HAVING just returned from a short trip to Tokyo, I logged on to my computer as soon as I could.

I learnt that the debate over a controversial banning of breastfeeding photographs on social-networking website Facebook is still going strong.

Since The New York Times ran a news story on breastfeeding pictures being pulled from some users' profiles last month, a high-profile "nurse in" protest had been staged outside Facebook's California headquarters.

And online, more than 11,000 people posted their own breastfeeding shots on their profile pages in protest.

Those up in arms over Facebook's decision - its spokesman cited its anti-nudity policy as the reason for the ban - say that censoring images of such a natural, maternal act serves to perpetuate the stigma that still surrounds breastfeeding.
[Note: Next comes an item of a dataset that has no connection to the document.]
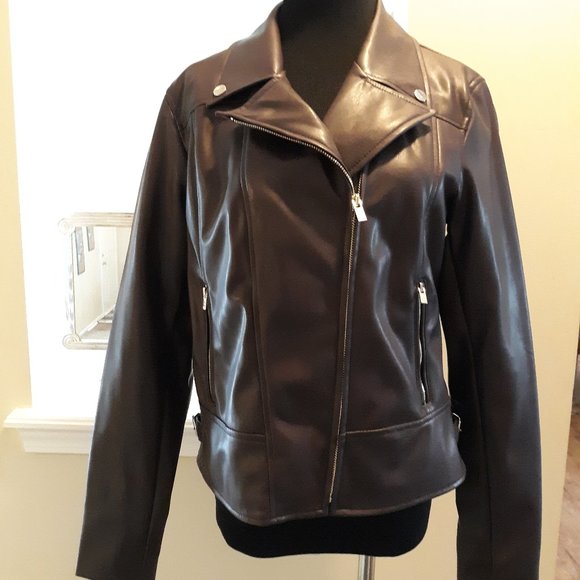 NWT Brown Faux Leather Moto Tommy Hilfiger Soft M - Picture 2 of 8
Having breastfed my son until he was a year old, I do have a couple of breastfeeding snaps of myself. But they will never be seen on Facebook.
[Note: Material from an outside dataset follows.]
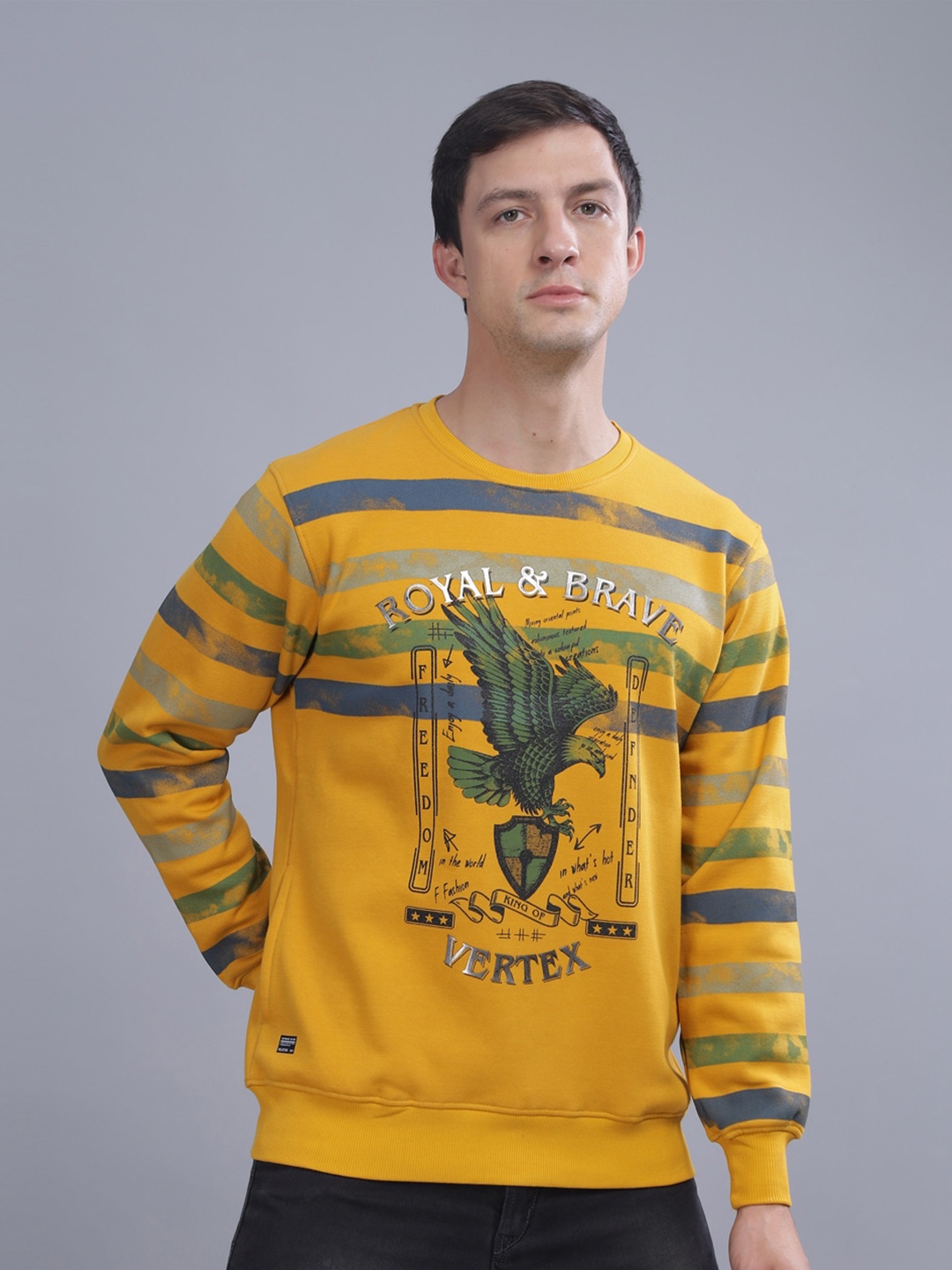 

Parcel Yard Typography Printed Long Sleeves Anti Odour Fleece Pullover, Mustard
I am certainly not ashamed of the act and am not self-conscious about my body. But breastfeeding is an intimate act, and I wouldn't want everyone to see such a private moment.
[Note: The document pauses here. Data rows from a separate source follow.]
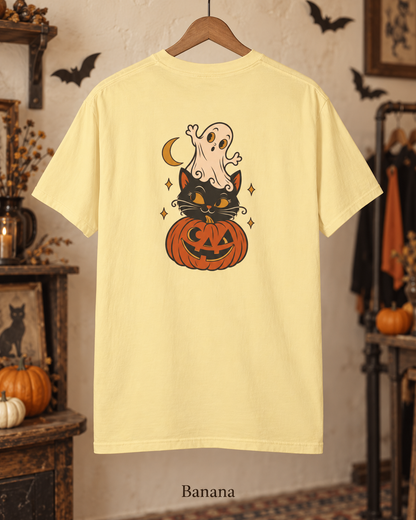 Halloween Cat & Ghost Pumpkin T-Shirt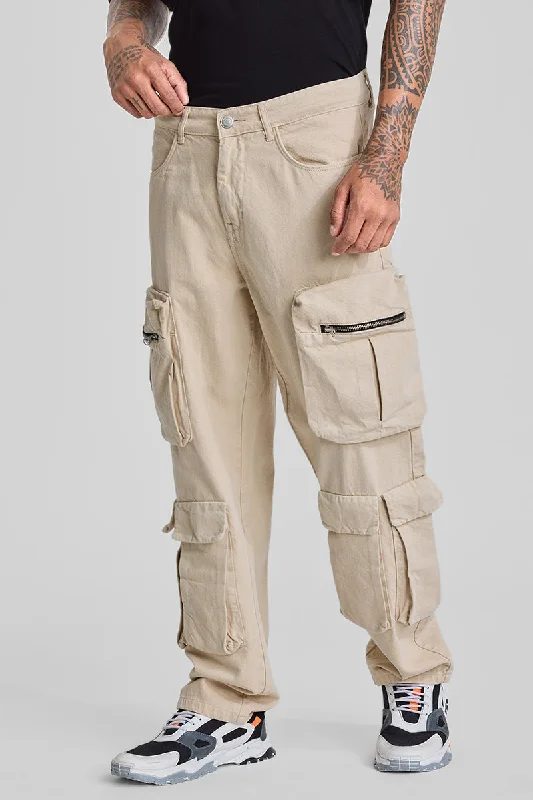 men's slim jeans-Beige Baggy Fit Cargo Jeans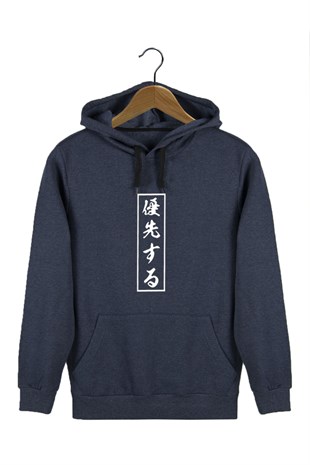 Erkek İndigo Önü Japonca Baskılı Kapüşonlu Sweatshirt 22K-5200322-3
Militant mums who demand that Facebook reinstate their breastfeeding pictures should consider this: If you post anything on Facebook, you give the site the right to use those postings even though, strictly speaking, copyright of your postedmaterial remains with you.

The website has drawn controversy and ire over how the media has used photos posted on Facebook.

In Toronto last year, the media identified a 14-year-old victim in a stabbing through Facebook, and ran pictures of her without seeking prior family permission.

Though this is against Canada's Youth Criminal Justice Act, the fact remains that the pictures were online and available to anyone who did a search.

These days, I've stopped posting even the most innocuous things on Facebook.

You never know who's checking out your profile, even with the privacy settings set to maximum.

Now, should you meet a grisly end, publications are waiting to pounce on any juicy details in your online profile.

If that ever happens to me, I sure don't want photos of me, my son and my mammaries - oops, I mean my memories - reproduced for the viewing pleasure of all and sundry.